New clubs on campus foster environment for everyone


On-campus clubs return with full force this school year. The old and new clubs built a community of acceptance for all students.

To bounce back from a year of unusual attendance and abrupt scheduling, clubs have been vigorously advertising to students and electing officers. The variety of clubs offered ranges from sports to fine arts, accommodating every student’s interests. 

To get more students involved, the school hosts Club Rush: a week where students can sign up for clubs. This year’s club rush welcomed several of new clubs, including Just Dance, GSA, Harry Potter Club, and Teenage Republicans. 

Just Dance is a new club on campus this year. Club founder junior Ella Hanks started the club to promote a community where people move and dance together. “I started the club because I thought it would be a fun thing to do. It’s always fun when you’re with a group of people who are not afraid to embarrass themselves,” said Hanks. The club does not keep track of scores or compete with each other; the purpose of the club is to get active and moving. “I have a group of friends that love Just Dance, so we started the club to spread the joy,” said Hanks. 

In order to include students of all backgrounds, the GSA (gay-straight alliance) club has been formed; they meet in room C307. “The community is really nice.

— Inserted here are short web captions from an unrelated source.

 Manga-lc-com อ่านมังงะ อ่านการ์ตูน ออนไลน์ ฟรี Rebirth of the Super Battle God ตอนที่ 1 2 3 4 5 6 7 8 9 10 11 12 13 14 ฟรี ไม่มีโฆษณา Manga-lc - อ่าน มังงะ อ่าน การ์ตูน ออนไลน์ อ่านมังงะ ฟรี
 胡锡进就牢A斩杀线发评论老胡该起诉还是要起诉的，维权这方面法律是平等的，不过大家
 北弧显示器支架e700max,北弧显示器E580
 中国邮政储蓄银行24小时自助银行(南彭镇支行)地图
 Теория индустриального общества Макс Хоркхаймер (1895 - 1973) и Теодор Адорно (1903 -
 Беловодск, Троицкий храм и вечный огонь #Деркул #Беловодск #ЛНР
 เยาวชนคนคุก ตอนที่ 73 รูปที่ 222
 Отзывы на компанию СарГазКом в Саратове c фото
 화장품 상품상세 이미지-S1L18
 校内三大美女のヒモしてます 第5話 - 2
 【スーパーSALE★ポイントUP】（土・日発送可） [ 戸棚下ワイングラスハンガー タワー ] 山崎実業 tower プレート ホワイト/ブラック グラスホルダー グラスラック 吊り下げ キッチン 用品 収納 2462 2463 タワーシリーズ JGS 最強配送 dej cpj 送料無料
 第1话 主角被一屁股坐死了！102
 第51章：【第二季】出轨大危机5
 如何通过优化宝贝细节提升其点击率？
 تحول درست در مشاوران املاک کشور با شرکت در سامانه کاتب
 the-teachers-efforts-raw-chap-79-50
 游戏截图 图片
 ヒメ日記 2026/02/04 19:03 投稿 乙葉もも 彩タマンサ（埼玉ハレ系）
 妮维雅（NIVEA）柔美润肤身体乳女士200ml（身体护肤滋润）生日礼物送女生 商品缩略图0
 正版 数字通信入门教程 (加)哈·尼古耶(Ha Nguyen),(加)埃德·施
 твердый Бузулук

It’s a lot of people, and we all have something in common, so we can kind of relate that way. We’re doing a lot of team building in GSA,” said club member sophomore Lucy Salange. GSA started as a support group; when the group gained popularity, it was made into a club. 

This school year welcomes the return of Harry Potter Club, which was a prominent club in past years. Harry Potter Club is focused on being both a social club as well as a service club. The club meets in room C307 “There are a lot of kids that share the same interest in Harry Potter, and they want to give back to the school,” said club sponsor Madi Long-Blanchard. Long-Blanchard believes that this club will help students create connections that last beyond high school. The Harry Potter Club plans to host a number of activities such as movie nights, book drives, and a sorting ceremony for the members of the club. 

The purpose of the Teenage Republican Club is to promote conservative values on campus. The club meets in the North Pod of the Auditorium. “I joined the club because I felt that there wasn’t a large voice for conservative ideals on campus,” said senior Tate Infanger. The members want to create a space for people to come together and talk and bring more conservative values to campus. 

Whether students want to make a change in the environment or build up their college applications, clubs are open to them. Depending on the club, being involved at school has little to no cost and can create a different atmosphere for the rest of high school. Clubs are an opportunity for students with similar interests to become more involved in the school.